Diperkirakan penjualan hingga tengah tahun ini akan melampuai penjualan 2015 yang total mencapai US$43 miliar. Hal ini didasarkan pada keyakinan bahwa dua penawaran utama akan disetujui sebelum akhir pemerintahan Obama.
Yang pertama adalah finalisasi rencana pendanaan militer 10 tahun untuk Israel, yang diperkirakan akan berkisar antar US$40 miliar hingga US$50 miliar. Jika angka akhir berakhir di jumlah lebih tinggi maka, Israel bisa berusaha untuk menambahkan dua skuadron F-15I.
“Finalisasi paket FMF bisa berarti lonjakan pengeluaran baru pada sistem AS, termasuk membeli tambahan Lockheed Martin F-35, mungkin satu skuadron Boeing F-15I, dan membeli Boeing MV-22,” catat Schweizer sebagaimana dikutip Defense News, Jumat 6 Mei 2016.
Faktor kedua adalah penjualan pesawat tempur ke Teluk yang lama tertunda yakni 73 F-15 ke Qatar dan 40 F / A-18 ke Kuwait. Ada keyakinan setelah kesepakatan Israel selesai, maka penjualan akan diizinkan untuk bergerak maju.

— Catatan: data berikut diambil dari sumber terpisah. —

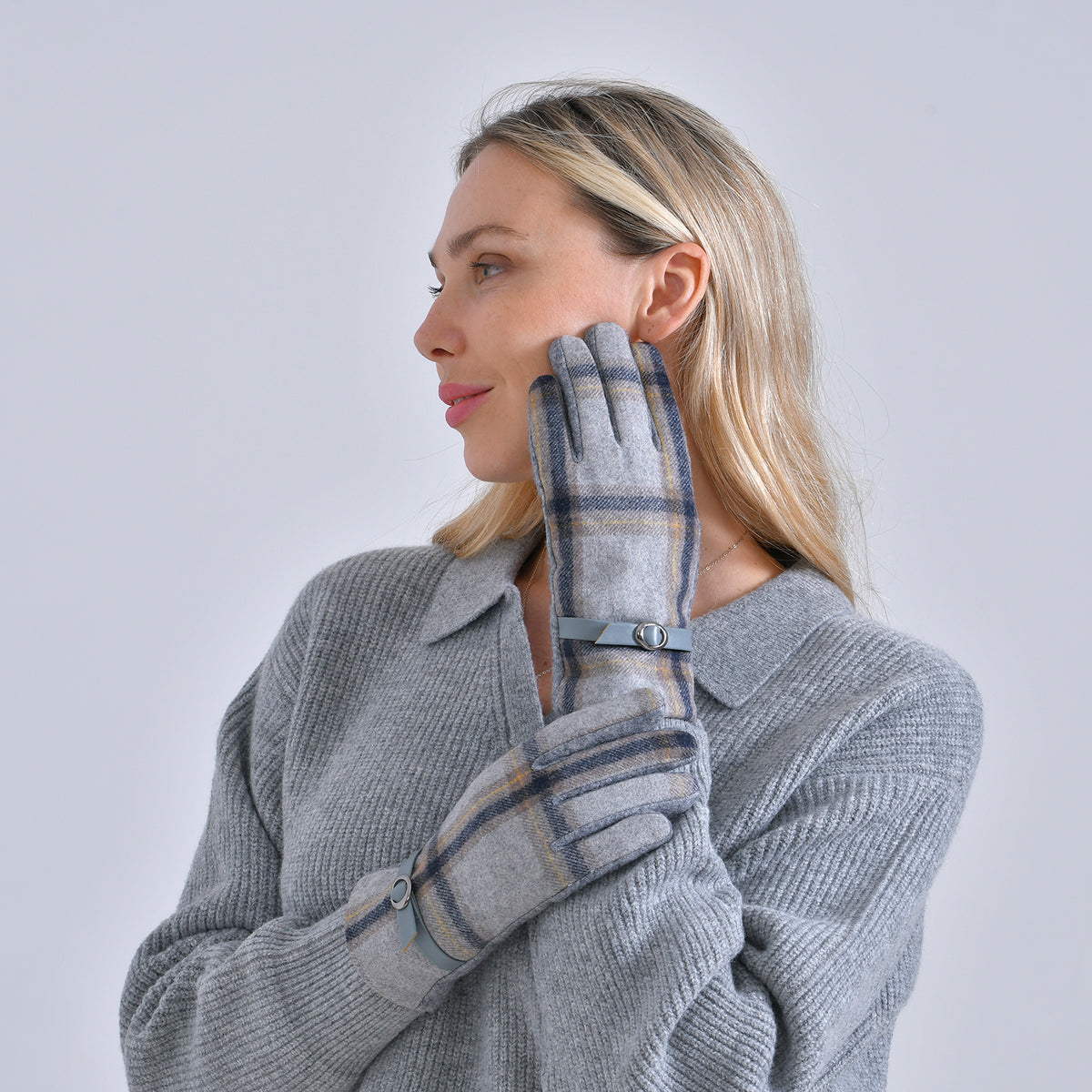 Cashmere Winter Plaid Gloves with Touch Screen Tips V32529329 3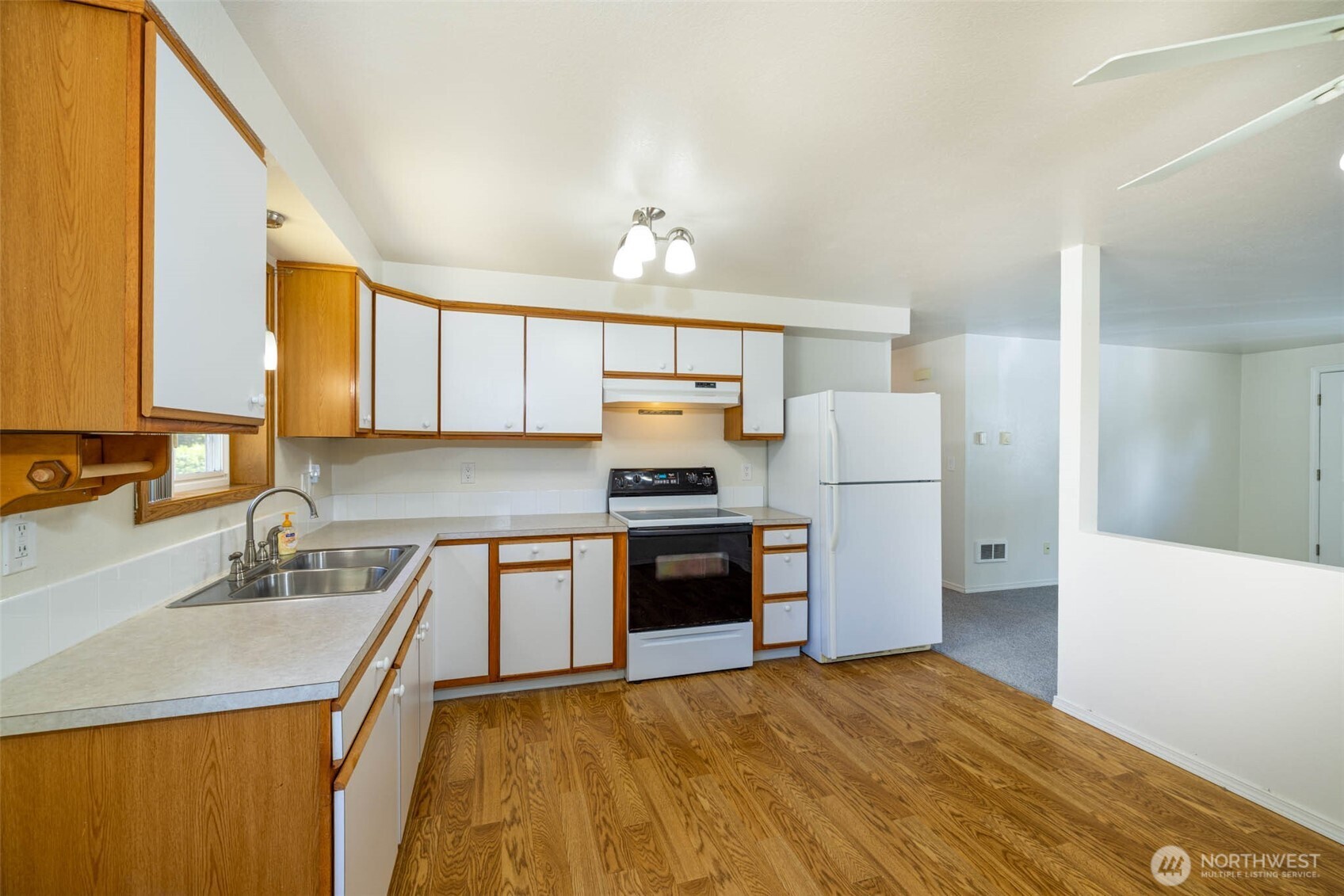 731 S Broadway Street Property Photo 8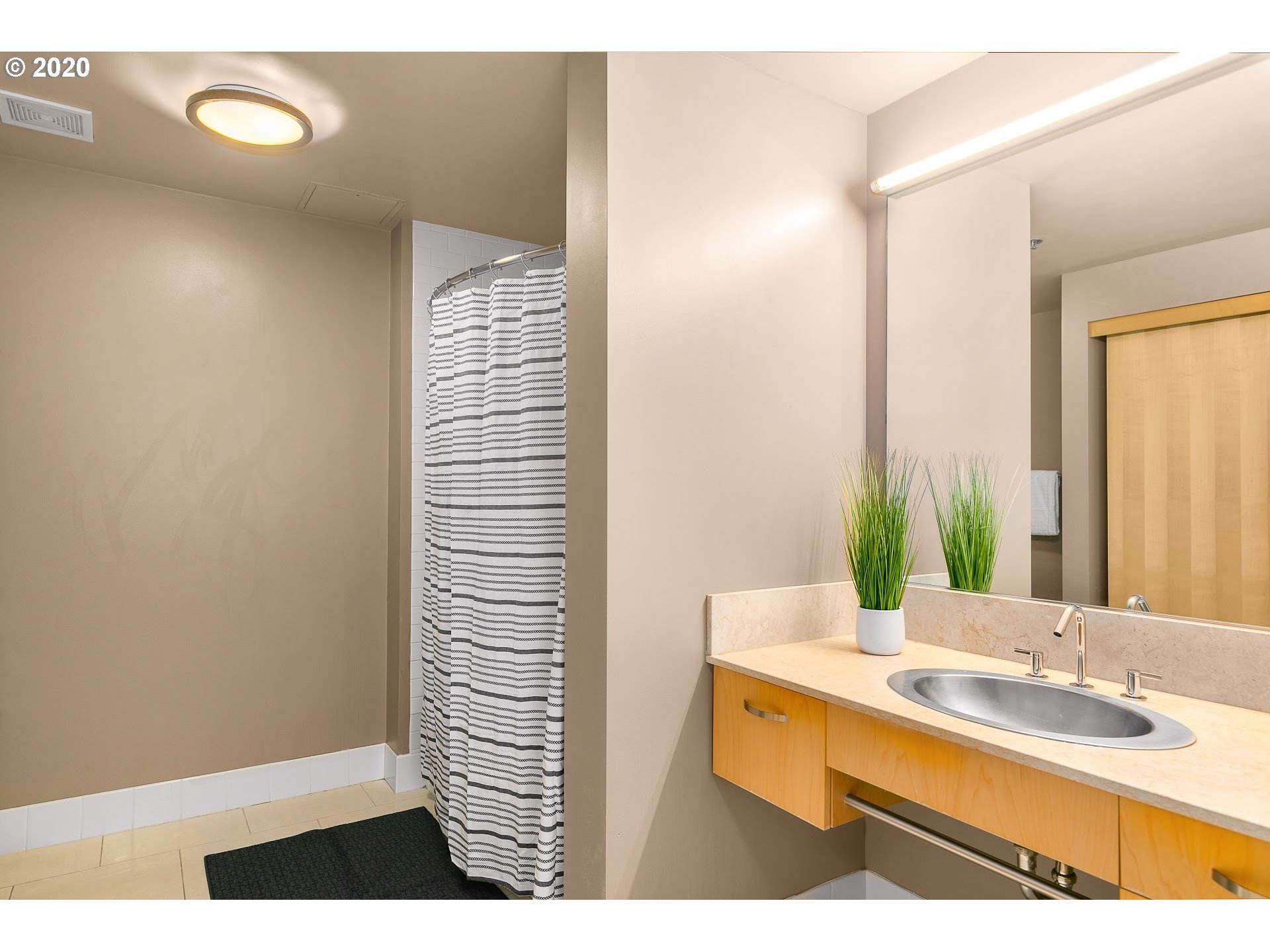 1410 Northwest Kearney Street, Unit 524 Portland, OR 97209 - Photo 16 of 22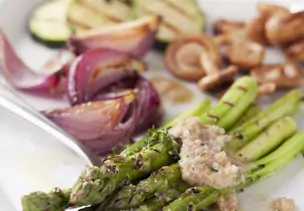 Grüner Spargel mit Walnuss-Vinaigrette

Namun, Schweizer menyoroti hubungan buruk antara Obama dan Netanyahu sebagai hambatan potensial dan bisa jadi masalah ini akan diselesaikan oleh pemerintah selanjutnya.
Analisis Guggenheim juga menyoroti tiga tren yang dapat menyebabkan dorongan dalam penawaran FMS dalam waktu dekat. Yang pertama adalah kebutuhan untuk rudal presisi dipandu pada skala global, terutama di kawasan Teluk, di mana operasi sedang berlangsung di Yaman, Suriah dan Irak telah menguras gudang senjata dari negara-negara mitra. Masalah ini telah menarik perhatian dari kepemimpinan di dalam Pentagon, yang telah meningkatkan kebutuhan untuk pengiriman presisi dipandu lebih cepat.
Yang kedua adalah ancaman Rusia di Eropa, yang disebut Schweizer sebagai faktor yang sudah memiliki dampak pada penawaran FMS. “Lithuania adalah kasus awal dalam hal ini, dengan menyiapkan US$600 juta untuk membeli kendaraan lapis baja Stryker dan US$ 55 juta untuk rudal anti-tank Javelin.
Negara-negara Eropa lain yang membeli adalah Prancis (4 C-130J, rudal Hellfire), Inggris (rudal Hellfire), Italia (senjata tambahan MQ-9 Reaper), dan Finlandia (amunisi Lockheed Martin GMLRS).
Akhirnya, ada yang agresivitas China terhadap tetangganya di Pasifik juga telah mendorong penjualan senjata. Schweizer menyoroti bahwa situasi ini akan mendorong sistem canggih Amerika akan dibeli oleh Jepang dan Korea Selatan serta negara lain seperti Vietnam.